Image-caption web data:
· · · ·

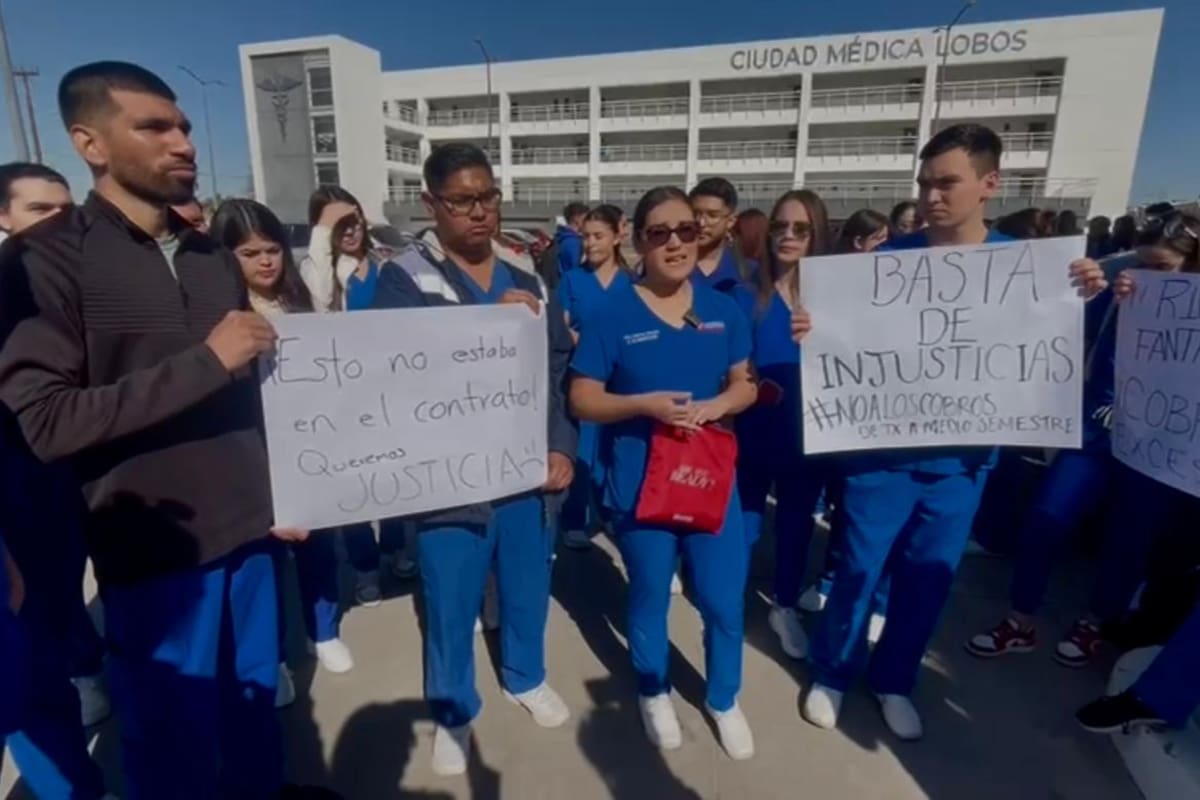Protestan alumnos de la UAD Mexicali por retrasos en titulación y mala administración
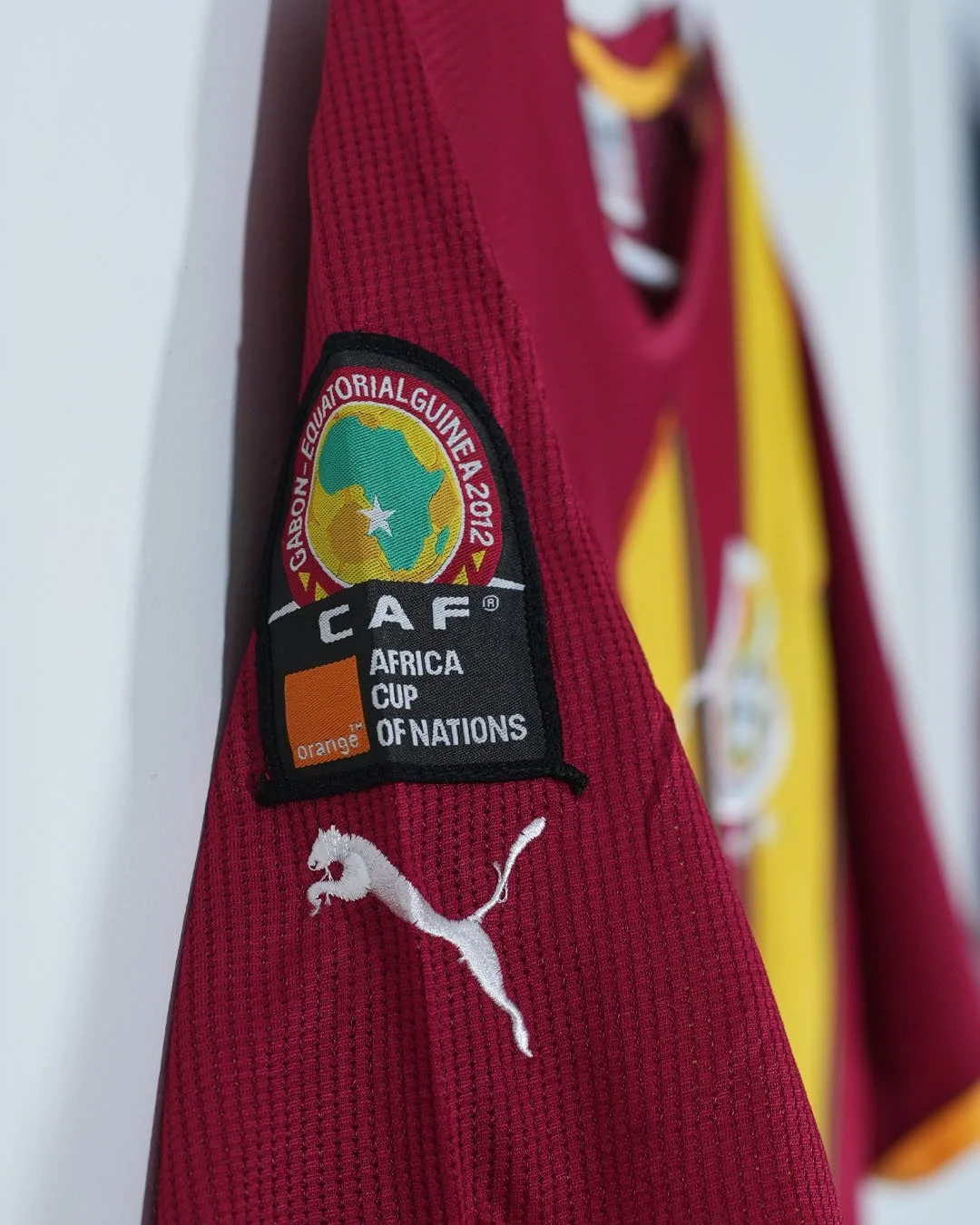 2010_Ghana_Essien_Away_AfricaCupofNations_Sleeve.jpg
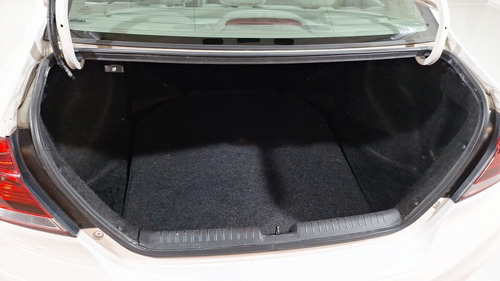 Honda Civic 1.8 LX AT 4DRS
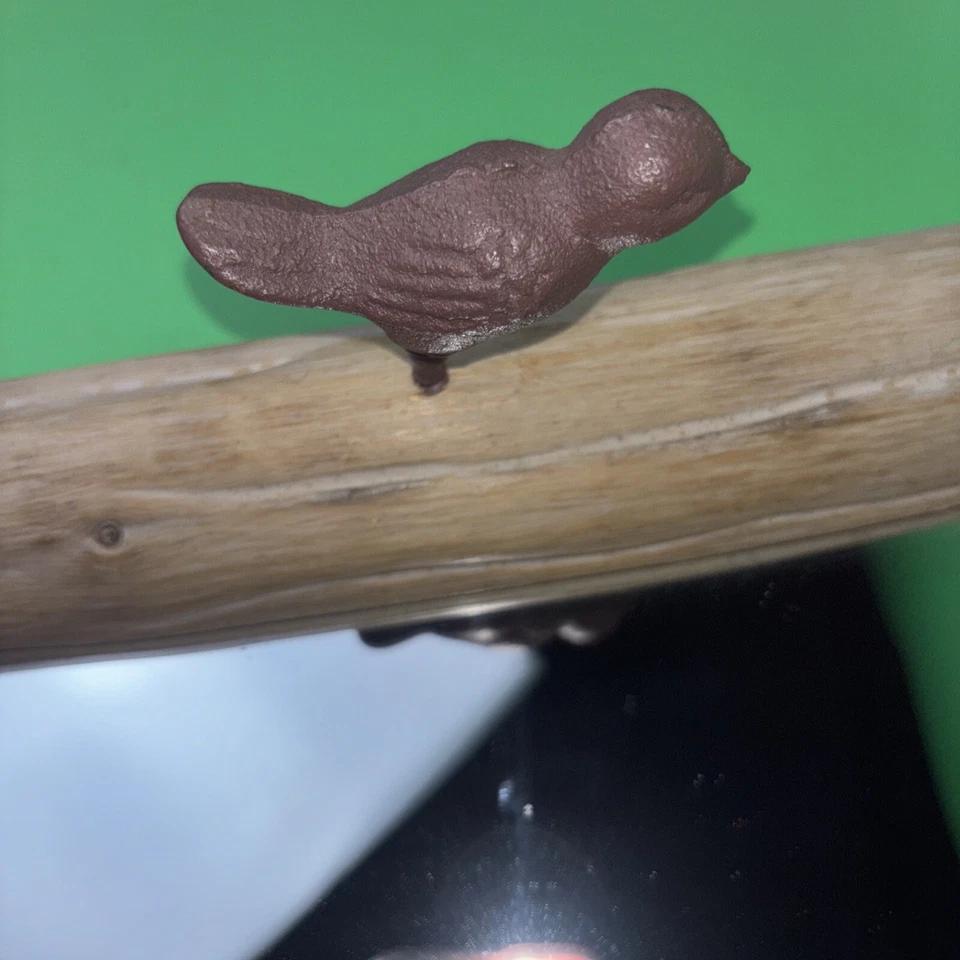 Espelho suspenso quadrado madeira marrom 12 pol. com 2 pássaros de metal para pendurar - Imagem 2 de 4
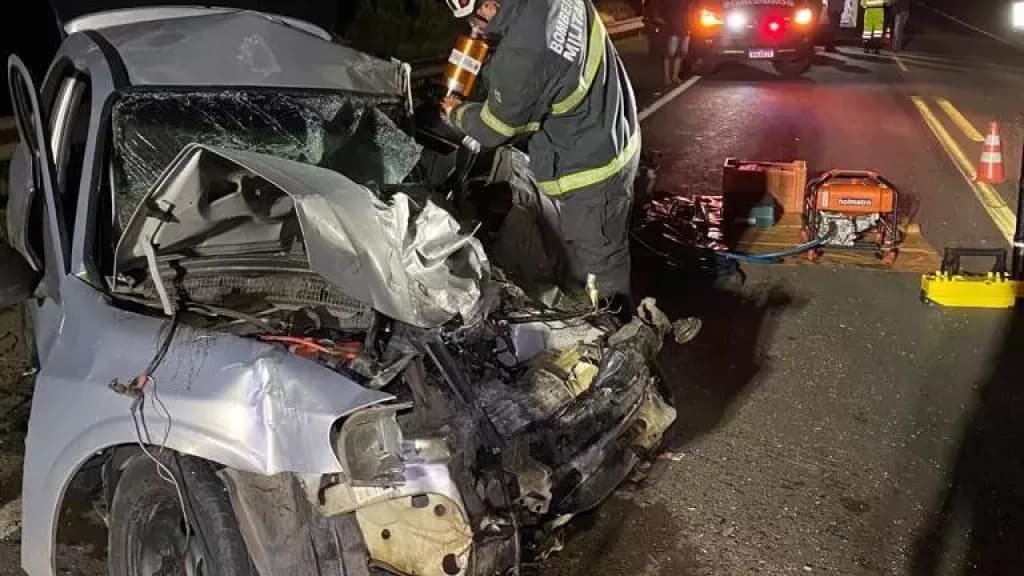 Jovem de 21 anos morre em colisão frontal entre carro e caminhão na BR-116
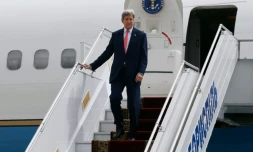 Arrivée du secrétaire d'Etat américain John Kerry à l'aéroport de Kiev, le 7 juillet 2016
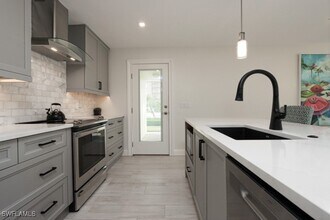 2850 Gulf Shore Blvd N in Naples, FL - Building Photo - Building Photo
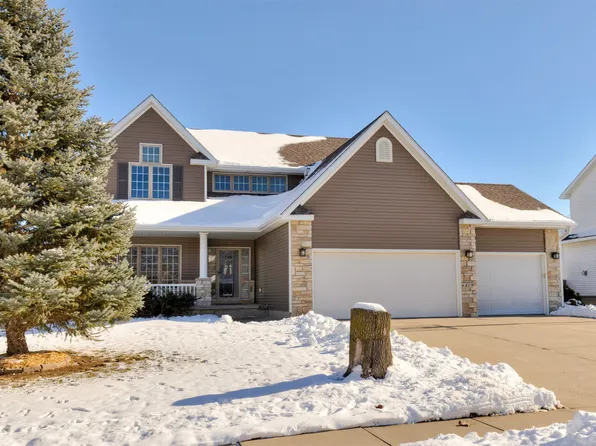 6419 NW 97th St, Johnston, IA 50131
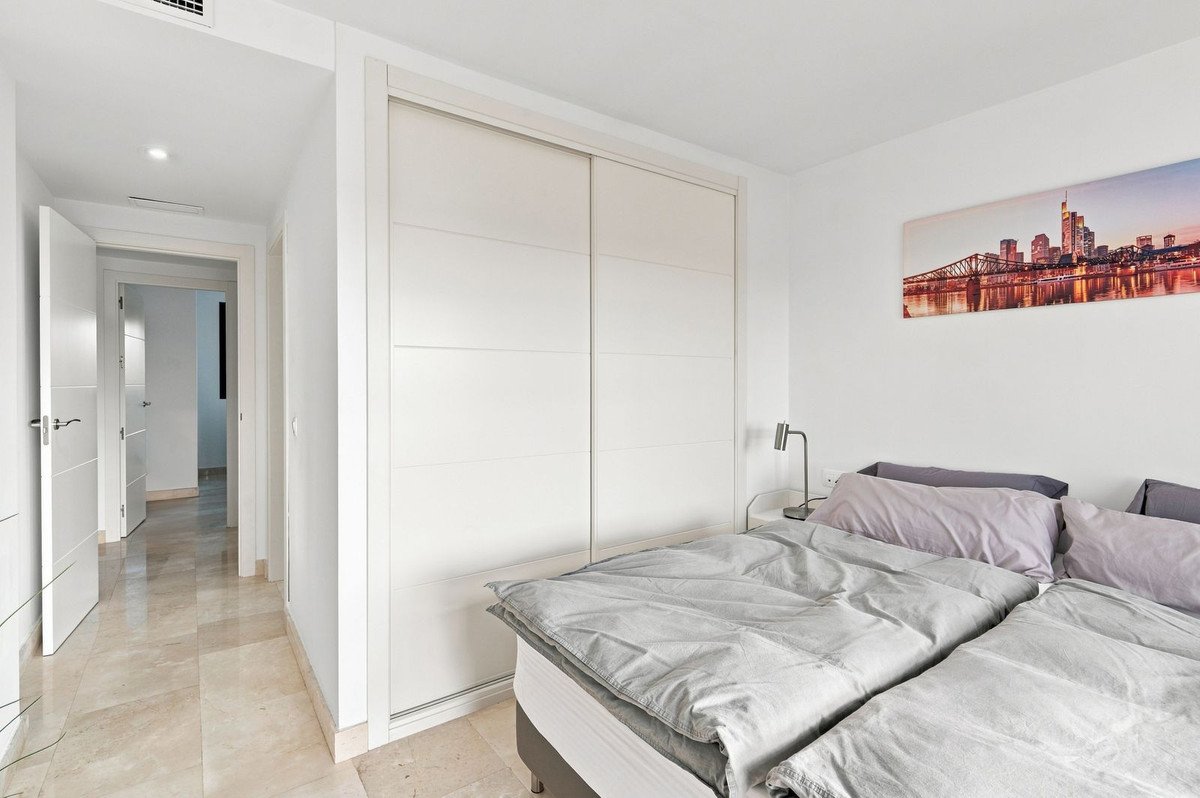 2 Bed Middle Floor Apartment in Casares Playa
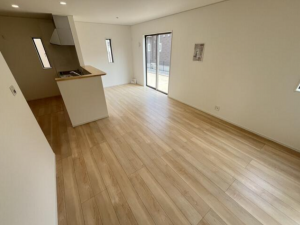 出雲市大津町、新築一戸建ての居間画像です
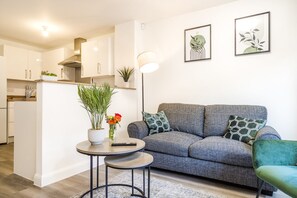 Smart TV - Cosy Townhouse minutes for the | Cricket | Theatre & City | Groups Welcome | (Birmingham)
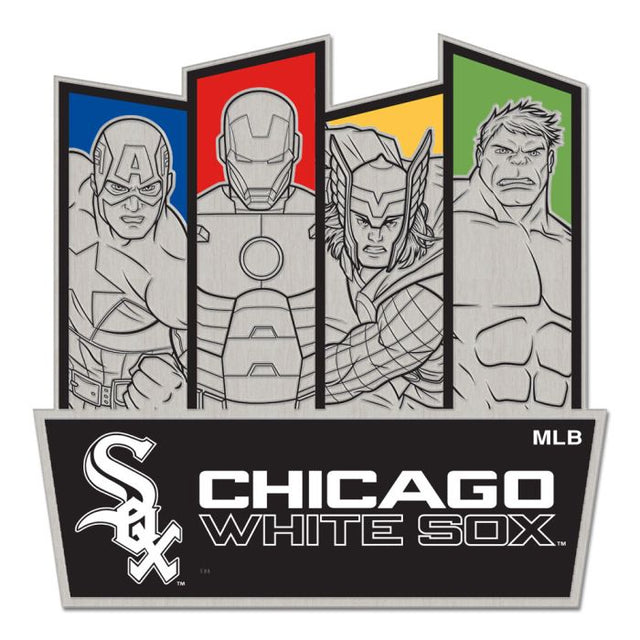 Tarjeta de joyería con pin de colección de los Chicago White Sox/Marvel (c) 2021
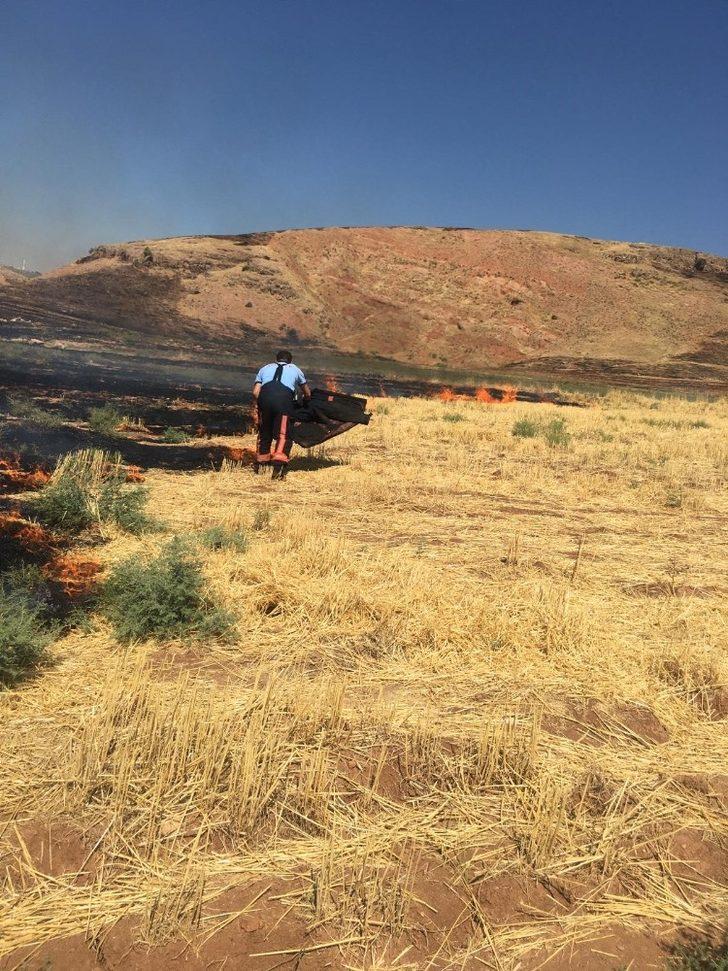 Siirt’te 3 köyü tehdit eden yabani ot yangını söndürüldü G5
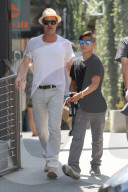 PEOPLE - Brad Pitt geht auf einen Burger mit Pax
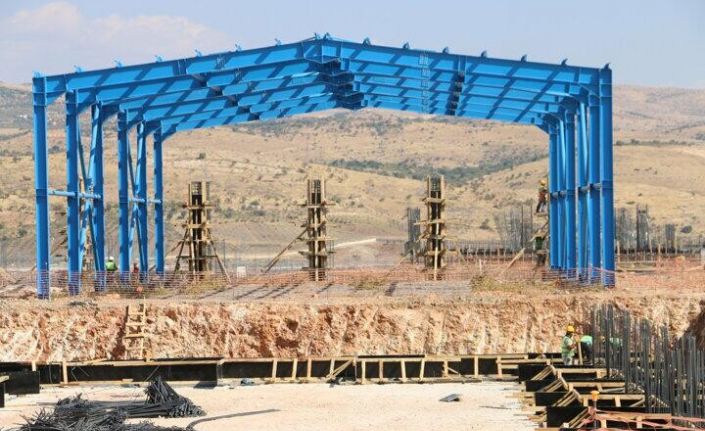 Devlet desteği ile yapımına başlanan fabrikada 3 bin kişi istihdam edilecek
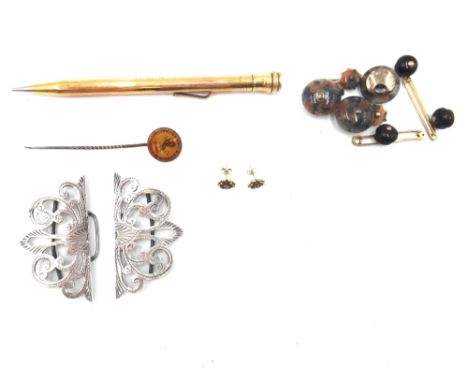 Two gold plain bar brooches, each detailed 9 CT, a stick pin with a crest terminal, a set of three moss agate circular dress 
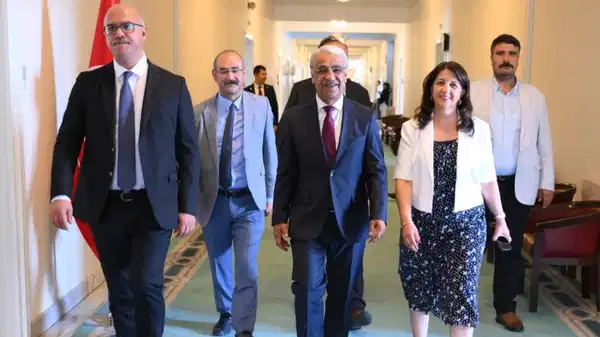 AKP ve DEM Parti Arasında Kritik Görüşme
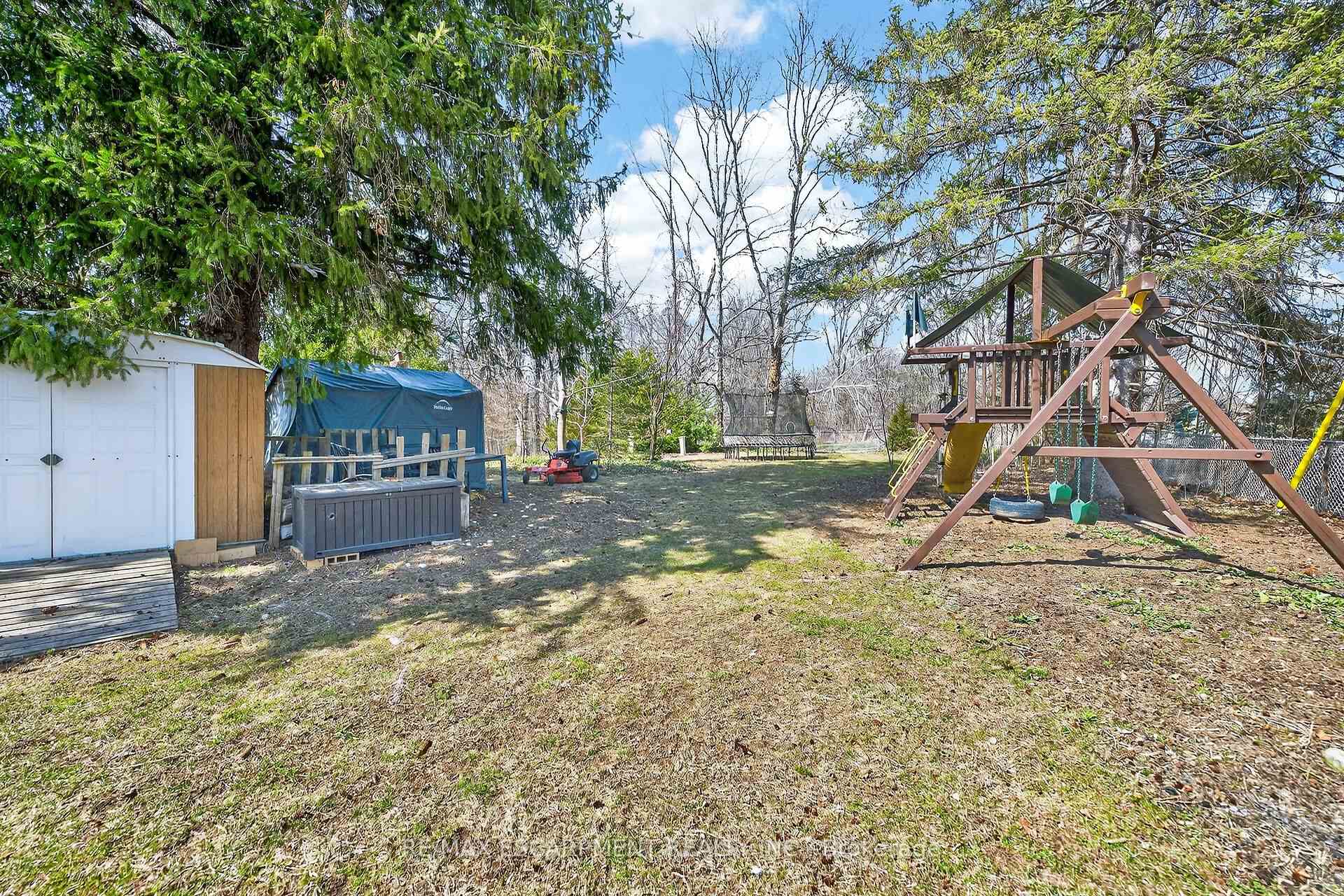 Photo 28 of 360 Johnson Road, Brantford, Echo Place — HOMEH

· · · ·

YOUR OBJECTIVE. Copy the records above exactly, from the first line through the line containing "Two gold plain", and leave out the pictures.

SOLVED EXERCISE.
Protestan alumnos de la UAD Mexicali por retrasos en titulación y mala administración
 2010_Ghana_Essien_Away_AfricaCupofNations_Sleeve.jpg
 Honda Civic 1.8 LX AT 4DRS
 Espelho suspenso quadrado madeira marrom 12 pol. com 2 pássaros de metal para pendurar - Imagem 2 de 4
 Jovem de 21 anos morre em colisão frontal entre carro e caminhão na BR-116
 Arrivée du secrétaire d'Etat américain John Kerry à l'aéroport de Kiev, le 7 juillet 2016
 2850 Gulf Shore Blvd N in Naples, FL - Building Photo - Building Photo
 6419 NW 97th St, Johnston, IA 50131
 2 Bed Middle Floor Apartment in Casares Playa
 出雲市大津町、新築一戸建ての居間画像です
 Smart TV - Cosy Townhouse minutes for the | Cricket | Theatre & City | Groups Welcome | (Birmingham)
 Tarjeta de joyería con pin de colección de los Chicago White Sox/Marvel (c) 2021
 Siirt’te 3 köyü tehdit eden yabani ot yangını söndürüldü G5
 PEOPLE - Brad Pitt geht auf einen Burger mit Pax
 Devlet desteği ile yapımına başlanan fabrikada 3 bin kişi istihdam edilecek
 Two gold plain bar brooches, each detailed 9 CT, a stick pin with a crest terminal, a set of three moss agate circular dress 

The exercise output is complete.